EXTRACTED RECORDS:
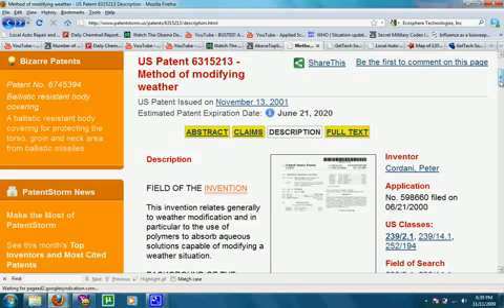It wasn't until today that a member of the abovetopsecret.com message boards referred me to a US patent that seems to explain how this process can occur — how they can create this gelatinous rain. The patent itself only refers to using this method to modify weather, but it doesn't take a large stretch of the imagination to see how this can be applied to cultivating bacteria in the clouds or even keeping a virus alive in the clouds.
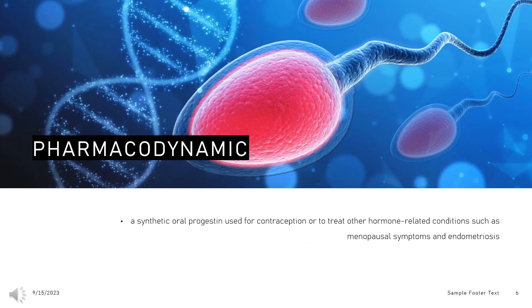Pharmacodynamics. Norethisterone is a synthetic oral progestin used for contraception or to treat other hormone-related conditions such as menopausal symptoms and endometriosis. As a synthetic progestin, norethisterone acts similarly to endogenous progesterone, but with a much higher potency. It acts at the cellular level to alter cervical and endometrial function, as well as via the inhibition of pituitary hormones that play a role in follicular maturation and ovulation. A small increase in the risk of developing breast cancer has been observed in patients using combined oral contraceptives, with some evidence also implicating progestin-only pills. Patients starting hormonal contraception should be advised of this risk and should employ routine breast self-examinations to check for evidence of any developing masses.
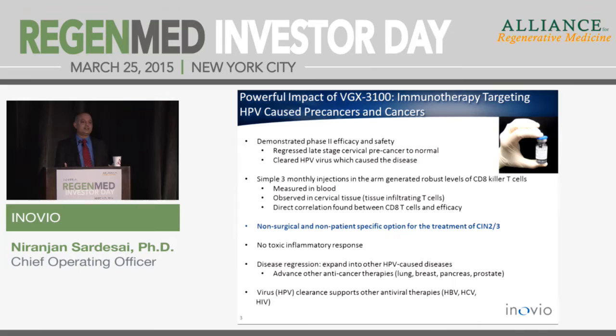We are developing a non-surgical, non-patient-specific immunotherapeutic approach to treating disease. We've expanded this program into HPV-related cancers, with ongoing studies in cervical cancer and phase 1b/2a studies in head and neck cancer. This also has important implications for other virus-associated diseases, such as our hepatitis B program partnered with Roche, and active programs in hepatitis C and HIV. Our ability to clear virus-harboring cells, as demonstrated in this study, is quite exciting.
--
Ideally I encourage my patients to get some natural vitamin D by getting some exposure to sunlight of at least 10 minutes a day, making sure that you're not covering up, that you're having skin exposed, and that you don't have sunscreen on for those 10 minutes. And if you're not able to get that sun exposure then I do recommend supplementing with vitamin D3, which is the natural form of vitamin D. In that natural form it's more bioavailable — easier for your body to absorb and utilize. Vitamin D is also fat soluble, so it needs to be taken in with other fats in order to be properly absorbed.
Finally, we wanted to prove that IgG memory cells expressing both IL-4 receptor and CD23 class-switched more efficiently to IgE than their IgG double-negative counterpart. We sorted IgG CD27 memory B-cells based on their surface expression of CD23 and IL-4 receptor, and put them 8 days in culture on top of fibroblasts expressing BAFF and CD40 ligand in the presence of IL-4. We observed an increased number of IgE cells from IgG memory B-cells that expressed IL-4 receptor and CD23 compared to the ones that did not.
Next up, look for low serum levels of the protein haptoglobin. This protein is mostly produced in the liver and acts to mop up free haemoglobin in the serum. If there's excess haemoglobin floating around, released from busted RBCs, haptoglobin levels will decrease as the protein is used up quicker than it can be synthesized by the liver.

WHAT THIS TASK INVOLVES: The answer should be a single number: how many lines of the entries hold "than".

SOLUTION: 2